MM: Your work is influential for countless directors throughout the years, but are there any directors that shaped you in any way or that you have admired?

AJ: During those more than 20 years I wasn’t working in cinema, I watched two films a day at night. I know all the history of cinema because I saw it, and I saw it with rage, envy and admiration. I wanted to make what I couldn’t. I thought, “How come they can do it and I can’t?” But they are in the industry, and I’m not. I will continue to not be in the industry. I will hold on and endure. But I did see some great ones: Orson Welles, of course. He was a genius destroyed by the system. Tod Browning, who made Freaks, was a formidable artist. Also Erich von Stroheim when he made silent movies. All of those were victims destroyed by the industry. I like them a lot. Later came the cinema of Buñuel and Fellini, and they marked my life too, but I don’t feel I imitated them. I told myself, “Either you are the best one or you are the distinct one.” I always tried to be myself and never pay homage or copy, but instead find my own language. I think that’s what every poet does: finds his own language. I’ve found my own language by taking care of everything. For me, cinema, unlike what people think, is not just telling a story. You film a story first and then comes post-production, which is as important as the story. Post-production is the color, editing, music and everything that there is in cinema. Cinema has such immensity. Those are some directors that you might find strange, but I admire them. I think that if a person can make a finished film, it’s already admirable. Even if it’s the worst movie in the world, there is always something good in it.

MM: Do you ever revisit your films from the ’70s and ’80s, and if so what do you think of them? 
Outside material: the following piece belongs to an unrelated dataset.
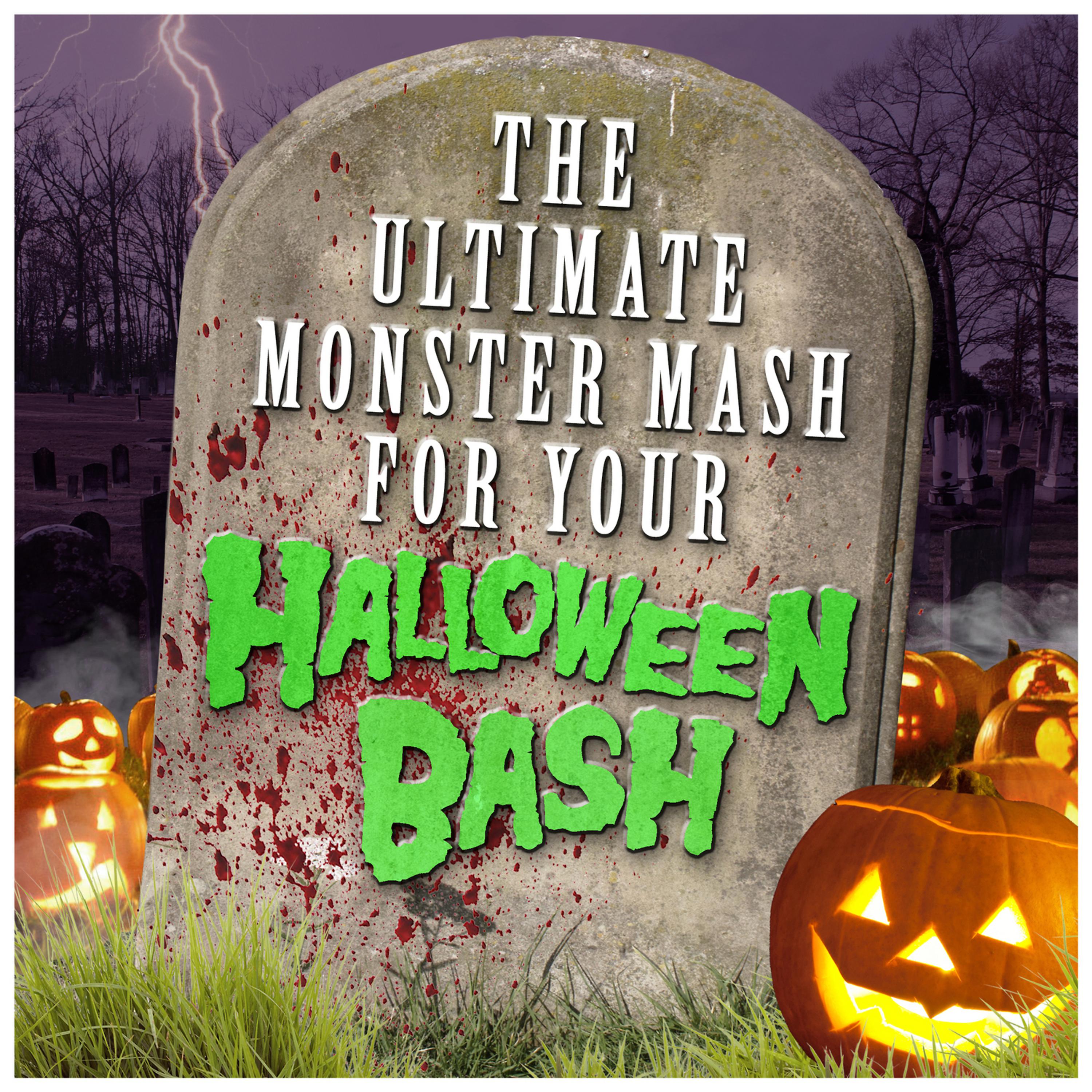 Постер альбома The Ultimate Monster Mash for Your Halloween Bash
AJ: Ask me what I think of my liver or what I think of my testicles or what I think of my brain. My movies are my organs. I don’t think about them; I live with them. I’m honest. I don’t regret anything. Each film I made was the film I had to make in the moment I made it, without any concessions, without anything unnecessary, exactly as I wanted to make them. I respect them. I have respect for them. What else can I tell you? I’m not going to play being humble. I respect what I made because it’s honest.

Adan Jodorowsky plays an adult Alejandro in Endless Poetry

MM: Despite all the setbacks and the unwanted long absence from making films, you seem enthusiastic and with a lot vitality to keep going. It’s really uplifting.

AJ: I’m going to be 89 years old. I’m 88 and a half, and I’m making plans for three more films. I might finish them when I’m 102, but I swear to you that I feel I’m only getting started. I feel very good. It’s not that I have enthusiasm; it’s that I have talent [laughs]! I love it. I’m doing what I love, I love what I’m making and I like who I’m working with. That’s essential. I can’t work with people who disagree with what I think or what I do. I work with my family if I can, and I try not to work with actors with big egos, who think they are a big thing or who think they are more important that the film. Things like that help. I also work with talented musicians. One of my sons is a musician. I’ll keep on going, however I can. If I’m successful, wonderful. If I’m not successful, wonderful. I don’t seek success. I seek being happy making what I love. MM

Endless Poetry opened in theaters July 14, 2017, courtesy of ABKCO Films.